In [1]:
from kamiwaza_client import KamiwazaClient
import openai
from pydantic import BaseModel

In [2]:
client = KamiwazaClient("http://34.230.49.204:7777/api/")
client.serving.list_active_deployments()

[ActiveModelDeployment(id=UUID('9974c1d7-444d-4f78-9bf6-30ecef701d43'), m_id=UUID('c45afd07-17b5-4509-b026-33c43e3b5467'), m_name='Qwen3-32B-AWQ', status='DEPLOYED', instances=[ModelInstance:
 ID: 70b4c6ea-41fa-458a-8e0a-2555c262a654
 Deployment ID: 9974c1d7-444d-4f78-9bf6-30ecef701d43
 Status: DEPLOYED
 Listen Port: 32775], lb_port=51105, endpoint='http://34.230.49.204:51105/v1')]

In [3]:
openai_client = client.openai.get_client('Qwen3-32B-AWQ')

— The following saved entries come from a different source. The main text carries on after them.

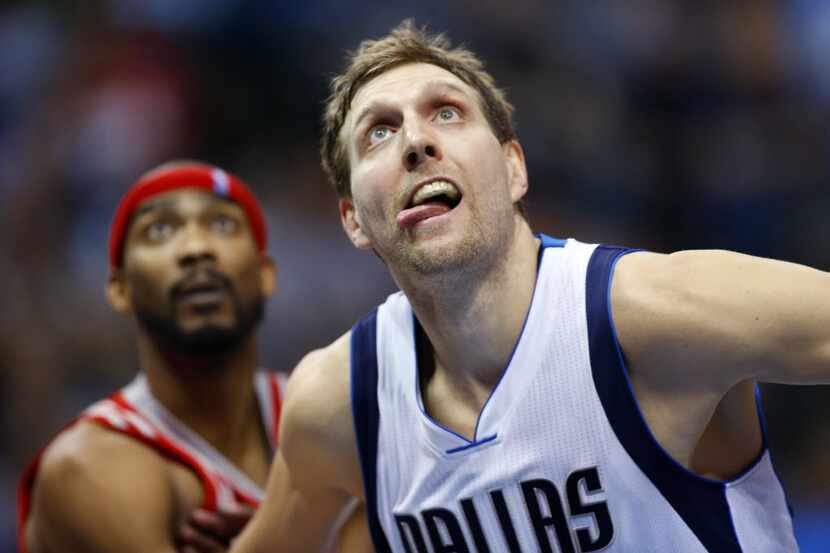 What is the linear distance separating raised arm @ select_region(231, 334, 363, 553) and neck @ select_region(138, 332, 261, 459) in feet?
2.07

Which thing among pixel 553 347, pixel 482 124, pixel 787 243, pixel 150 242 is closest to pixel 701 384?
pixel 553 347

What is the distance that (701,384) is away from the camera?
7.27ft

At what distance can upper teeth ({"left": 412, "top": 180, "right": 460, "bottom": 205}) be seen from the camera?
2473mm

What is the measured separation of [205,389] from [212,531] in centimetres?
54

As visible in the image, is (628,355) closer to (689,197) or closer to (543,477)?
(543,477)

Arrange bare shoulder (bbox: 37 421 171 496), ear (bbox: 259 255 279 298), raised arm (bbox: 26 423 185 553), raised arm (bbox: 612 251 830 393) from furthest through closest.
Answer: ear (bbox: 259 255 279 298) < bare shoulder (bbox: 37 421 171 496) < raised arm (bbox: 26 423 185 553) < raised arm (bbox: 612 251 830 393)

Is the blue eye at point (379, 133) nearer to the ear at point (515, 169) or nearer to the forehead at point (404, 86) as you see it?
the forehead at point (404, 86)

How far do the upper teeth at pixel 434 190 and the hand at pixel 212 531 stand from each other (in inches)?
51.1

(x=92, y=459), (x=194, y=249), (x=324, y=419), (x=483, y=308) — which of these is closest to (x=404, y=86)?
(x=483, y=308)

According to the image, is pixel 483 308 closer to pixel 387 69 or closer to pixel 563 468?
pixel 563 468

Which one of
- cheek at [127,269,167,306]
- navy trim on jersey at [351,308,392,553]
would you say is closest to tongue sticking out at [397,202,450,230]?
navy trim on jersey at [351,308,392,553]

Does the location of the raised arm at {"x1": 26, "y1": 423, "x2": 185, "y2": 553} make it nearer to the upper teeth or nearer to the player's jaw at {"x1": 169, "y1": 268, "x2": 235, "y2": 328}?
the player's jaw at {"x1": 169, "y1": 268, "x2": 235, "y2": 328}

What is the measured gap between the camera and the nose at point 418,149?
249cm

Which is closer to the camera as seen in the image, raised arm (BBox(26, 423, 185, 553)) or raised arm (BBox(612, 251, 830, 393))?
raised arm (BBox(612, 251, 830, 393)) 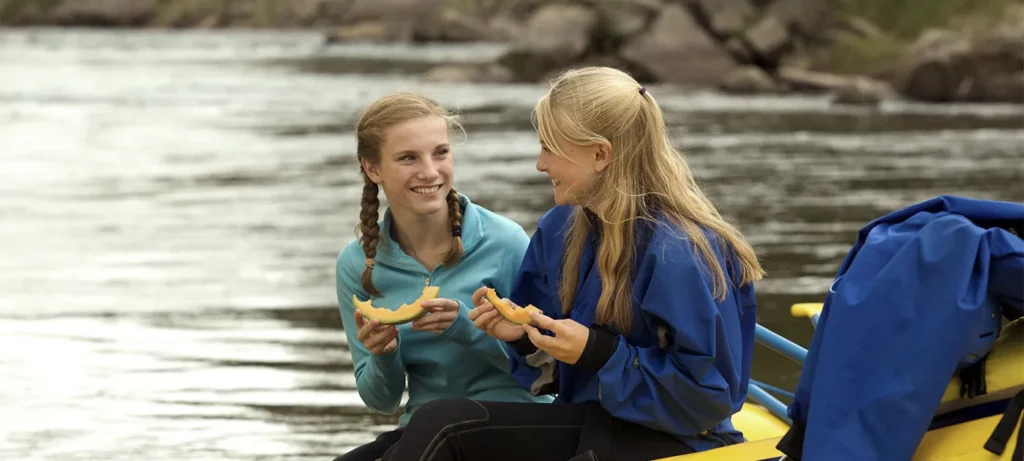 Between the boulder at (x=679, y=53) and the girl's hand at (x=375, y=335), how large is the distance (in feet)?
117

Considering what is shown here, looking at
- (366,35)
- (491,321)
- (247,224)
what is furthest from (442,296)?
(366,35)

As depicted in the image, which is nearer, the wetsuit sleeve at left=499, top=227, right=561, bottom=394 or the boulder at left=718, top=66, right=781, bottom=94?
the wetsuit sleeve at left=499, top=227, right=561, bottom=394

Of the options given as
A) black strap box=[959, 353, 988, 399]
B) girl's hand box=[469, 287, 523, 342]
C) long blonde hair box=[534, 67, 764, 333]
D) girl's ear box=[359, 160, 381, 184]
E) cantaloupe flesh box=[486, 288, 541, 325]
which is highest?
long blonde hair box=[534, 67, 764, 333]

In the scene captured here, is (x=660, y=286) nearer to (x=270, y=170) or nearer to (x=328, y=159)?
(x=270, y=170)

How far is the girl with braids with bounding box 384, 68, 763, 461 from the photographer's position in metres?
3.23

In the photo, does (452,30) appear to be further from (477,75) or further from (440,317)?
(440,317)

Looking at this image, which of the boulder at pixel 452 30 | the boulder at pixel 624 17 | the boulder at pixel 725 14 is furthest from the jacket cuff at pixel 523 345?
the boulder at pixel 452 30

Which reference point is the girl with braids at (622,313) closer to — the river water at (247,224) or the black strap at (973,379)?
the black strap at (973,379)

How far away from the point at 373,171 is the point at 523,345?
2.34 feet

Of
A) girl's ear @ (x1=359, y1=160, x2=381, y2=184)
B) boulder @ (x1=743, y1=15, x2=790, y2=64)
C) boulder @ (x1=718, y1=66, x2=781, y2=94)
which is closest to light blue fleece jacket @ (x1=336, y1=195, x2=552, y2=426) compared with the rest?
girl's ear @ (x1=359, y1=160, x2=381, y2=184)

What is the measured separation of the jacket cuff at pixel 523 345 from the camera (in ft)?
11.8

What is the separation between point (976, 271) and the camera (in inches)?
111

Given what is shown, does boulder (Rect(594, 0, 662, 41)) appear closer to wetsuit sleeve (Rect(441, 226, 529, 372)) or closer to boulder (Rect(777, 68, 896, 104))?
boulder (Rect(777, 68, 896, 104))

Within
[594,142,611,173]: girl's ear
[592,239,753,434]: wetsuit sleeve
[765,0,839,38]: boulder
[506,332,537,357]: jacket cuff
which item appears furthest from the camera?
[765,0,839,38]: boulder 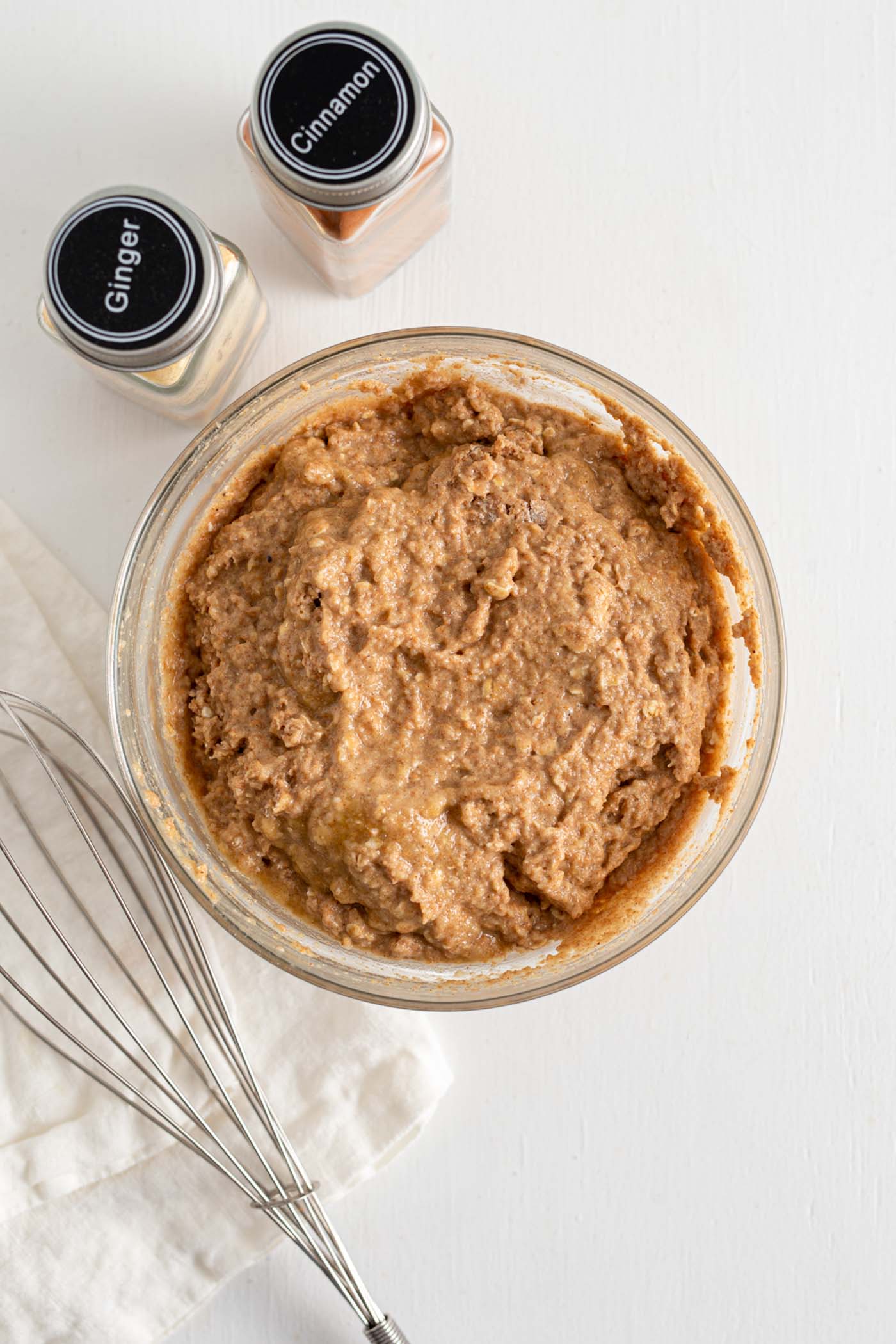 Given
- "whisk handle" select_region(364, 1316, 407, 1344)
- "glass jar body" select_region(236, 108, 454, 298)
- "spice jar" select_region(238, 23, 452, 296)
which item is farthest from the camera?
"whisk handle" select_region(364, 1316, 407, 1344)

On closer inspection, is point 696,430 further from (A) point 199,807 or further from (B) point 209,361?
(A) point 199,807

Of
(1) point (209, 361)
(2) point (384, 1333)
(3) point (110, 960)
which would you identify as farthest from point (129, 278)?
(2) point (384, 1333)


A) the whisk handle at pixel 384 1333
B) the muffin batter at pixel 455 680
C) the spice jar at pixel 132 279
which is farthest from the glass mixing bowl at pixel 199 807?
the whisk handle at pixel 384 1333

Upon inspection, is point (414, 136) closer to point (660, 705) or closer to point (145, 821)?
point (660, 705)

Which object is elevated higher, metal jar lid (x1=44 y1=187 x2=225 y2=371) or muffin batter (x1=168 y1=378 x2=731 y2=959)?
metal jar lid (x1=44 y1=187 x2=225 y2=371)

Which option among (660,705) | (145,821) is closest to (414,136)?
(660,705)

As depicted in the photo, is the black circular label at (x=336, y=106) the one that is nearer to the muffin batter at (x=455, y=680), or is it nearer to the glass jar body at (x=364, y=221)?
the glass jar body at (x=364, y=221)

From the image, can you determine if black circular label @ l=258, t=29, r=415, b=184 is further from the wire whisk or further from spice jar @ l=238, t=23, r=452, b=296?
the wire whisk

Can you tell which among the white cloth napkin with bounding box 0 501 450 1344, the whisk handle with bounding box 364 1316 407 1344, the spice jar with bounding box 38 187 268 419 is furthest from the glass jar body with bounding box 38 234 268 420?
the whisk handle with bounding box 364 1316 407 1344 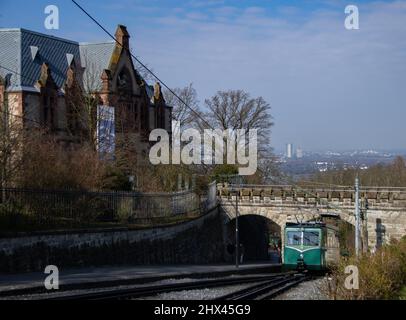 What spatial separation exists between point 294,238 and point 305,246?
2.86 feet

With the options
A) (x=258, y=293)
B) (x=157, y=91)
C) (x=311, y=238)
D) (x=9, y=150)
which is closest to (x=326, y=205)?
(x=311, y=238)

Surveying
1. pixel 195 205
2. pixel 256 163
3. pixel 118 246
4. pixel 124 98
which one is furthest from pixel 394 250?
pixel 256 163

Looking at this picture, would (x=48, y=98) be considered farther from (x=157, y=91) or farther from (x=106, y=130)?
(x=157, y=91)

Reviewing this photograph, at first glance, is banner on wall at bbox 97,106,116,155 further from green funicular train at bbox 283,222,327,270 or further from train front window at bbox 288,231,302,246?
green funicular train at bbox 283,222,327,270

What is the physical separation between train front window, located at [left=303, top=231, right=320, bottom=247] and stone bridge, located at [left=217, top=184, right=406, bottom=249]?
552 inches

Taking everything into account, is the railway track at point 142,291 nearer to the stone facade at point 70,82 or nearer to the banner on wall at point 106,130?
the banner on wall at point 106,130

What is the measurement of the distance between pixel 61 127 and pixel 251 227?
22.3 meters

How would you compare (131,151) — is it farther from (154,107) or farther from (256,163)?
(256,163)

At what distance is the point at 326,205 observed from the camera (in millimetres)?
53125

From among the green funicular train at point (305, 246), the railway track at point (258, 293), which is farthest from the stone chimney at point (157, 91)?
the railway track at point (258, 293)

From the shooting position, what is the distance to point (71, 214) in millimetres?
29156

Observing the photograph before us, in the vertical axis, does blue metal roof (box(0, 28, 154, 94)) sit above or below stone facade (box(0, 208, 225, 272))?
above

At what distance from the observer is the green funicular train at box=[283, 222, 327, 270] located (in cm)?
3450

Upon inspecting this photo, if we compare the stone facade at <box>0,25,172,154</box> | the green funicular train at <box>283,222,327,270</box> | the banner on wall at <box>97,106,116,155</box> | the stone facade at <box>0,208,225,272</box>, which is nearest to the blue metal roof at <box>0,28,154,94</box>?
the stone facade at <box>0,25,172,154</box> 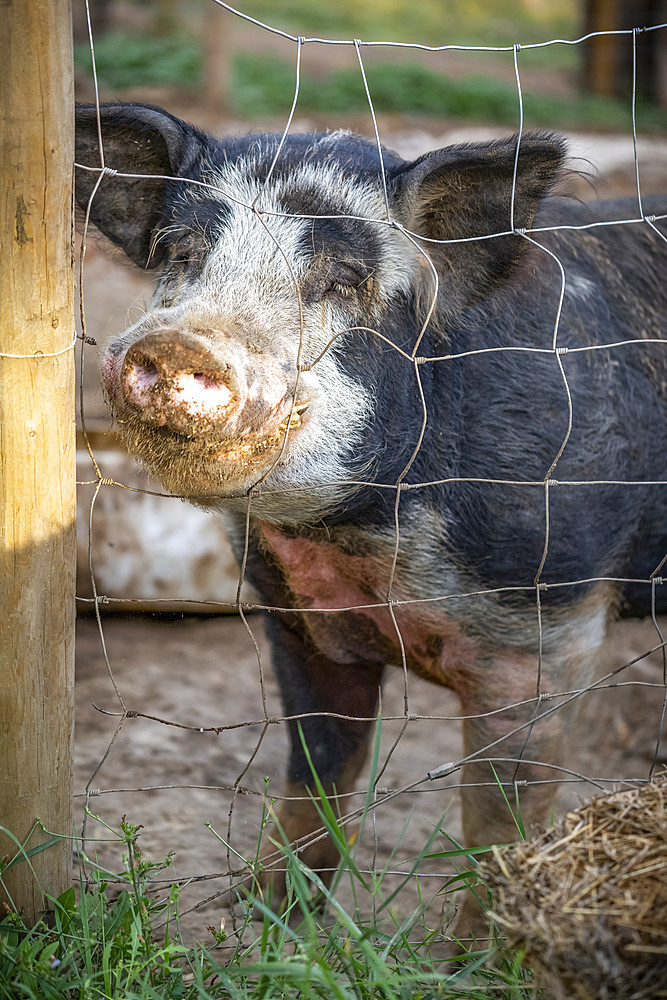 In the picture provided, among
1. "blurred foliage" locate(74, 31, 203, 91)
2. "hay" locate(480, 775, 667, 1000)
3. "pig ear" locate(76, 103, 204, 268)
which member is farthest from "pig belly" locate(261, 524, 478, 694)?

## Define the runtime tool & its JSON schema
We expose a dummy weather function so the demo is entirely self‑contained.


In [5]:
from typing import Dict, Any
import json, time
from pydantic import BaseModel, Field

class WeatherParams(BaseModel):
    city: str = Field(..., description="City name")
    state: str = Field(..., description="US state abbreviation, e.g. CA")
    unit: str = Field(..., description="Either 'celsius' or 'fahrenheit'")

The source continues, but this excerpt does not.